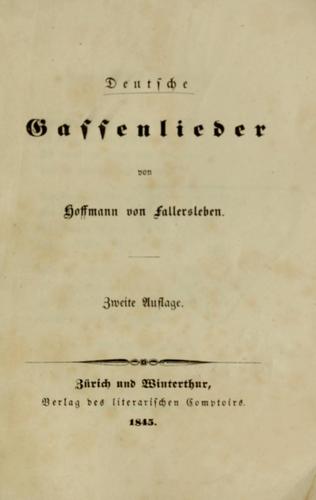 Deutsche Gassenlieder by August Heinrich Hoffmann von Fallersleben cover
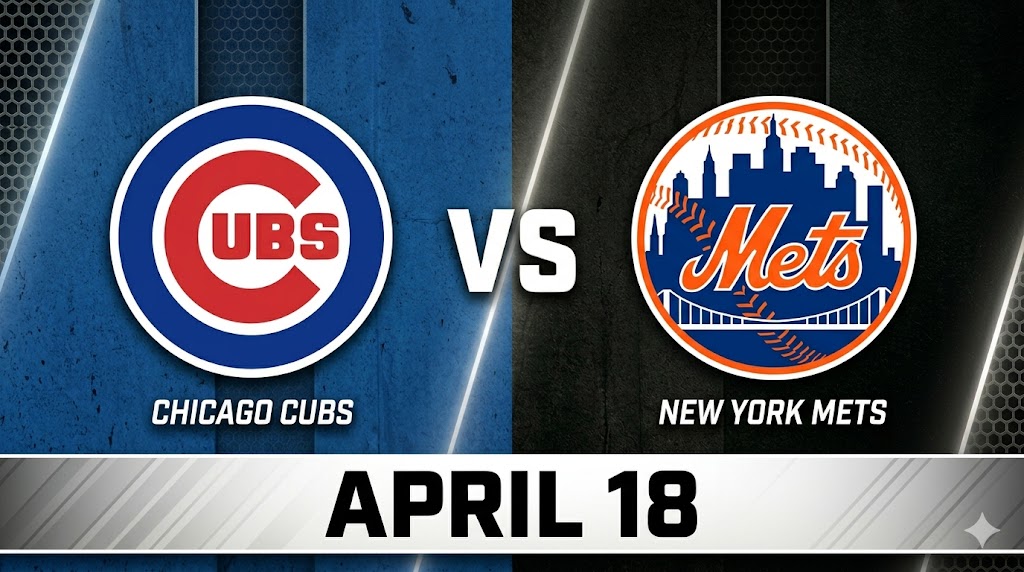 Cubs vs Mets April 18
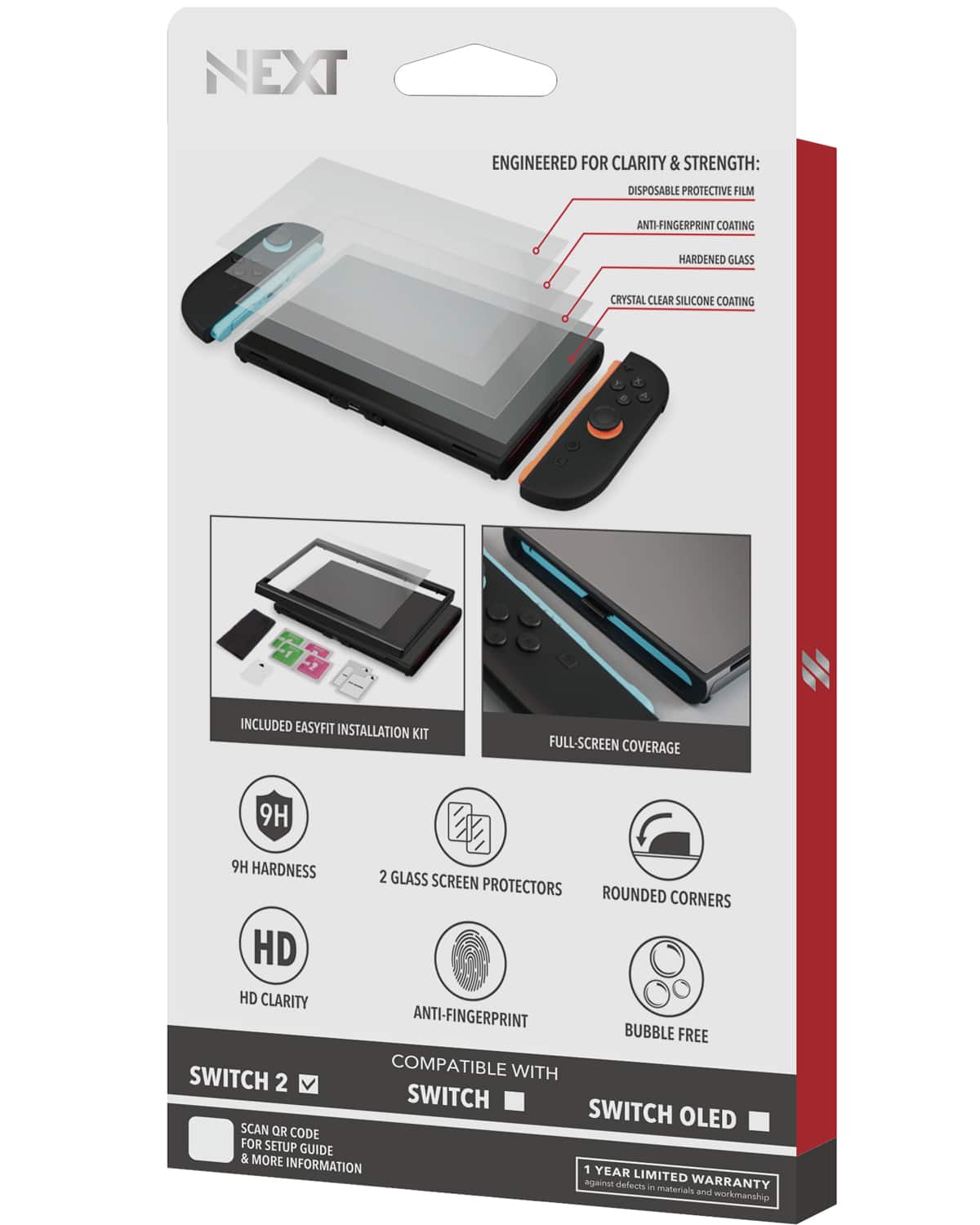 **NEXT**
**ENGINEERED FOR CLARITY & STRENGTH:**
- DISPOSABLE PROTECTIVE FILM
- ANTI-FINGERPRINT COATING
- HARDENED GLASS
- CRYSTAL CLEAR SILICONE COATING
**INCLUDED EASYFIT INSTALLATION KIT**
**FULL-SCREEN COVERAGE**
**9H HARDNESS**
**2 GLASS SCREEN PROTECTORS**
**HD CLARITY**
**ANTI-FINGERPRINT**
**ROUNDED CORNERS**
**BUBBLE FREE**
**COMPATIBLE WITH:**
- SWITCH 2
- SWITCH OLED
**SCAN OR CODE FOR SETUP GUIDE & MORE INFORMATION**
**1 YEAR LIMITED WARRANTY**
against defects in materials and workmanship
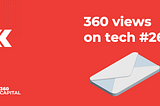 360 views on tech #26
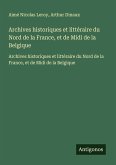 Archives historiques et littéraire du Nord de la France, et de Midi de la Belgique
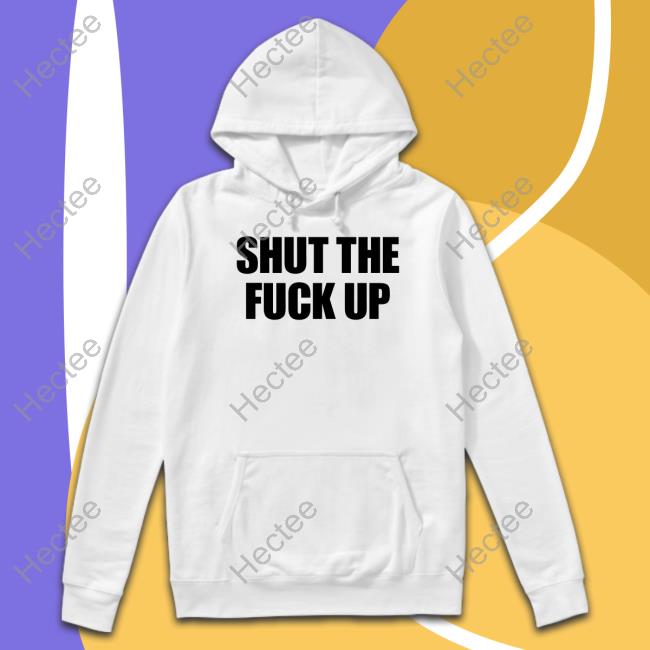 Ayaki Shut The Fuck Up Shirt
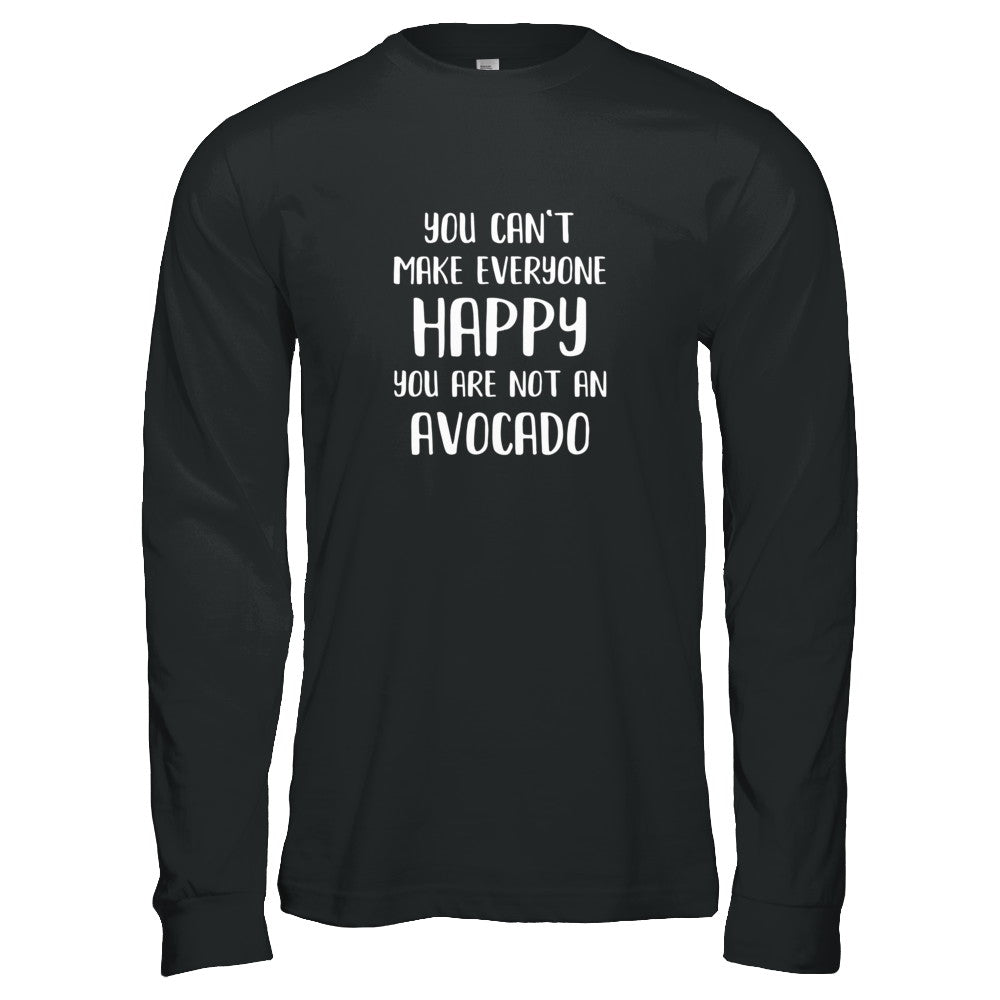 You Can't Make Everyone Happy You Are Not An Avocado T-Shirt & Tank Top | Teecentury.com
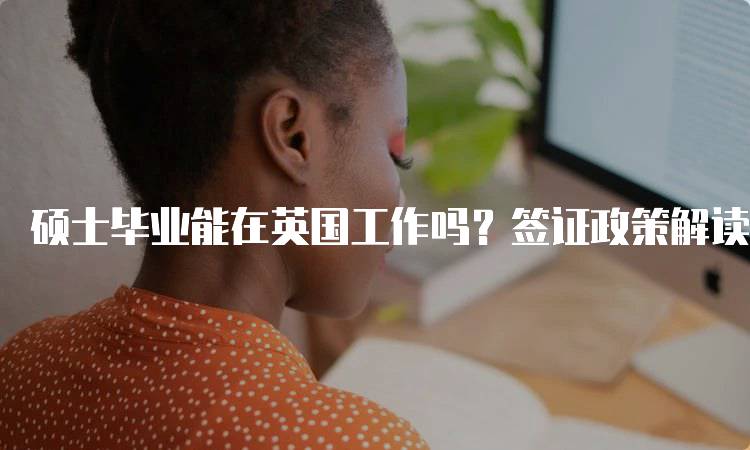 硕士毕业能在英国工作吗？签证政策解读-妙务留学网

= = = = =

### Task details:
Find the string "CLARITY" in the listing and return every line that holds it.

### Exercise output:
**ENGINEERED FOR CLARITY & STRENGTH:**
**HD CLARITY**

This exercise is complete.